La campagne présidentielle 2022 sur la balancelle : Poésie ou démagogie ou totalitarisme ?

La campagne présidentielle 2022 sur la balancelle
La campagne présidentielle 2022 sur la balancelle

La campagne présidentielle 2022 sur la balancelle…

Le défi des jours heureux.

Ce n’est rien, rien qu’un petit slogan électoral déposé ce matin dans ma boîte à lettres. Fabien Roussel m’invite au « défi des jours heureux » …Je n’ai pas pu résister à la lecture du tract… Et je ne sais plus si je dois sourire ou grincer des dents…

Vive la mobilisation des bisounours !

Désolé, ça me fait penser à ça. J’imagine un magnifique village nommé France où « il y a du travail pour toutes et tous, des salaires dignes » … Le bonheur !

Fabien revient aux vieilles utopies prérévolutionnaires : des industries, des services publics, des conditions de travail meilleures, et le pouvoir aux salariés dans l’entreprise. La recette conduirait inexorablement au bonheur. (français, pas plus, mais c’est déjà ça !)

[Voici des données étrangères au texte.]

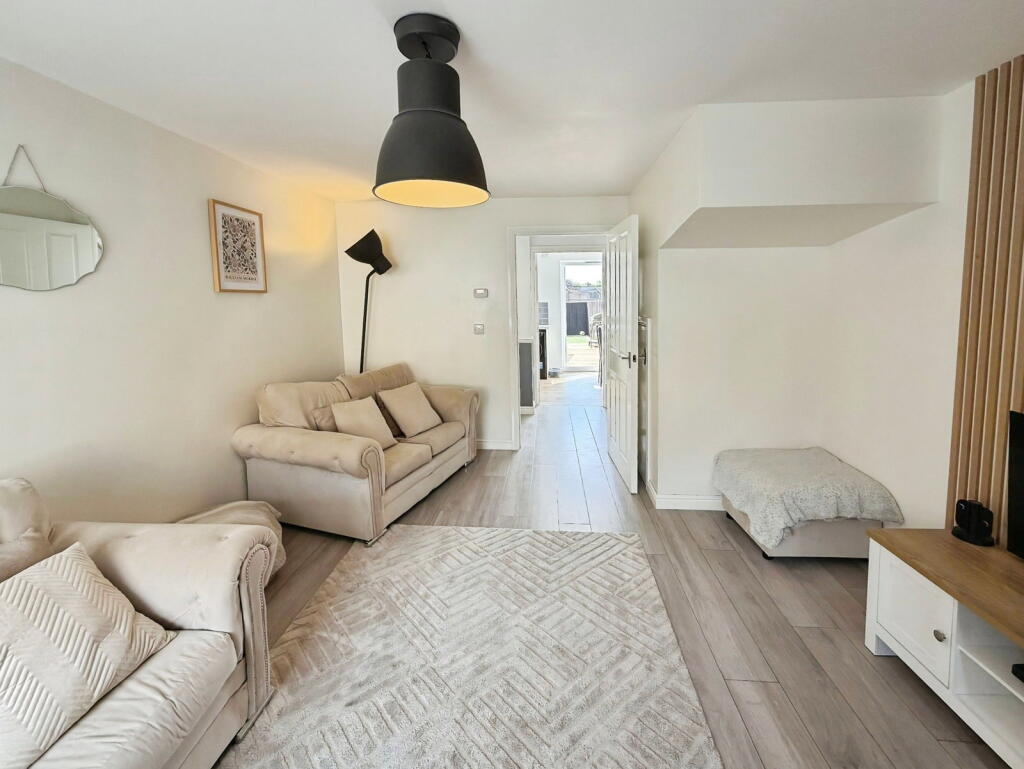 House in Swansea - More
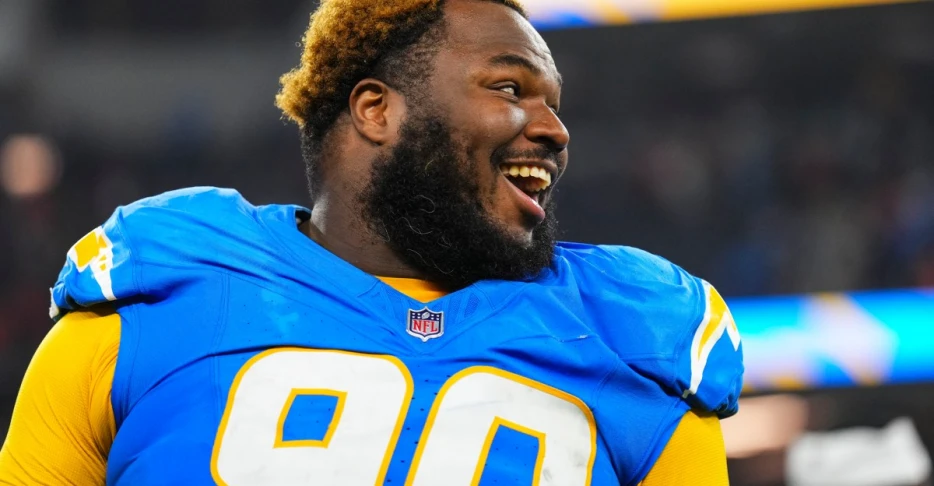 Arrowheadlines: Teair Tart taunts Travis Kelce on social media following slap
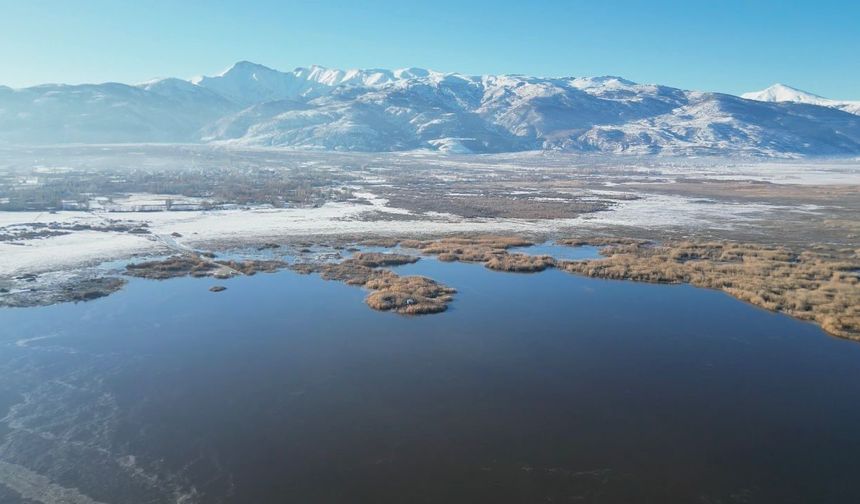 Eber Gölü soğuk hava nedeniyle dondu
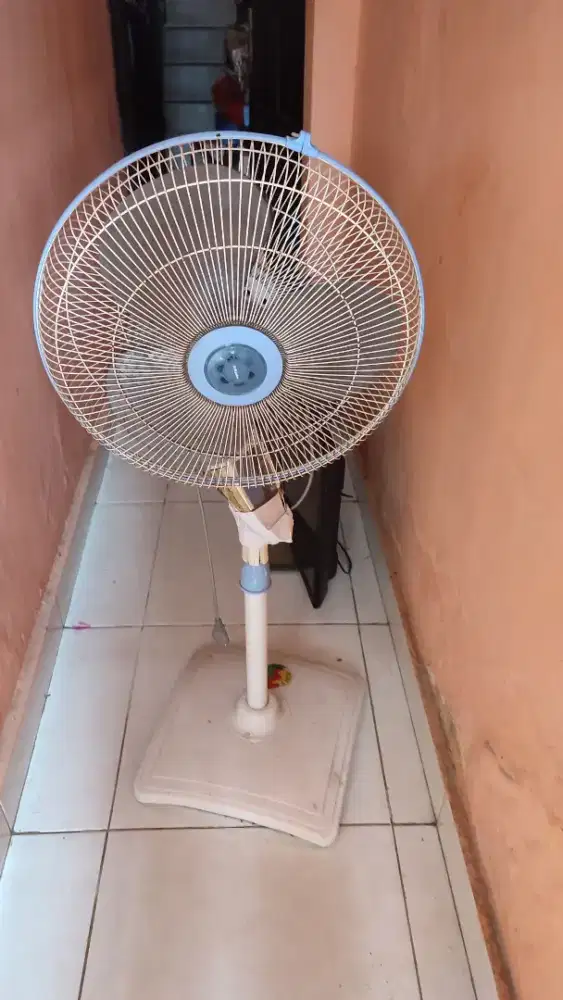 Kipas angin berdiri (standing fan) rusak total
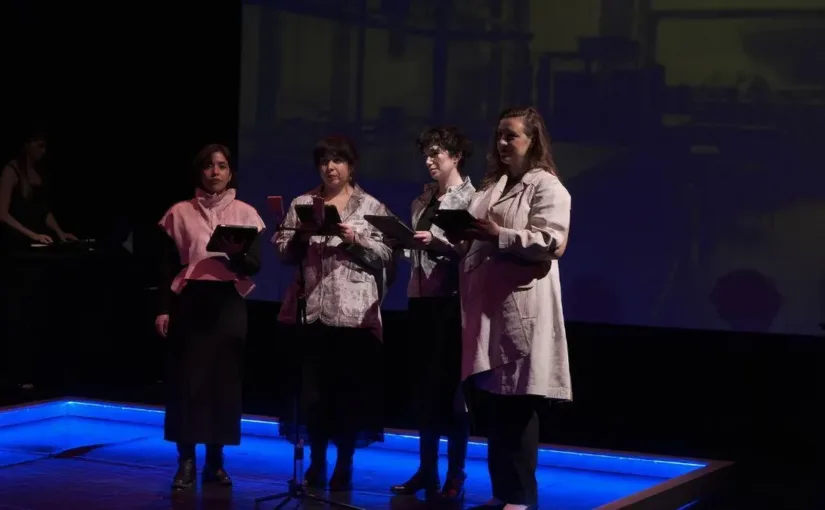 La ópera Splitting/Absence se presentará en Chile del 27 al 29 de marzo de 2026.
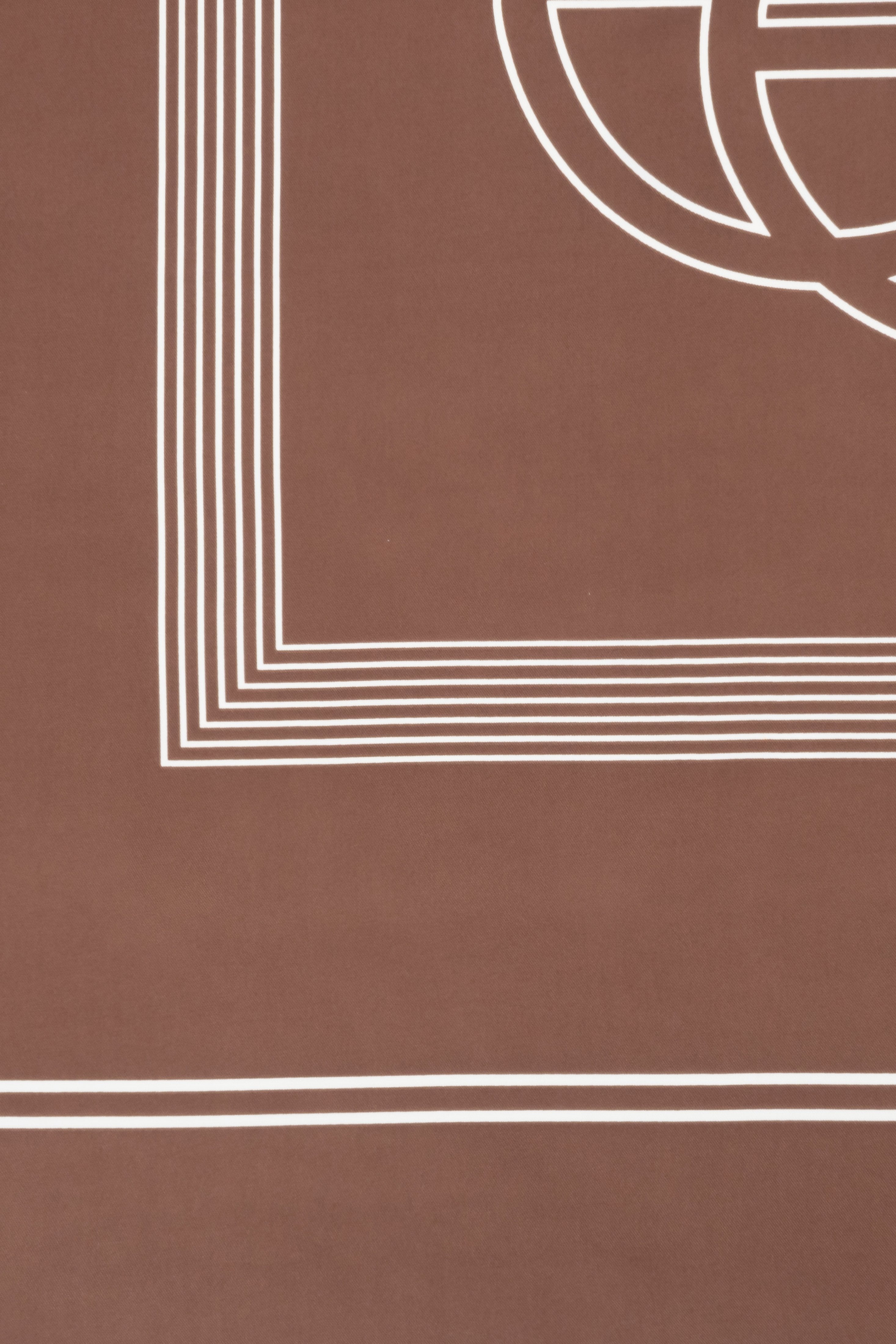 Women's brown and white neckerchief with a subtle geometric pattern Estro – details.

Cette formule « productive » doit donc résoudre le réchauffement climatique, la misère nationale et internationale, la crise migratoire et ses causes, et les pertes de repères dans notre société….

J’exagère, le tract ne porte que sur l’emploi et les salaires, il y aura d’autres littératures sur les autres sujets… Mais justement, le fait de se centrer un seul instant sur une problématique particulière, économique, c’est du simplisme. L’économie détermine tout le reste (Marx, papa du communisme) alors pas un mot sur du travail propre, sur la misère partagée, la préparation de l’avenir, ce n’est plus de la politique (gestion de la cité) mais de l’inconscience.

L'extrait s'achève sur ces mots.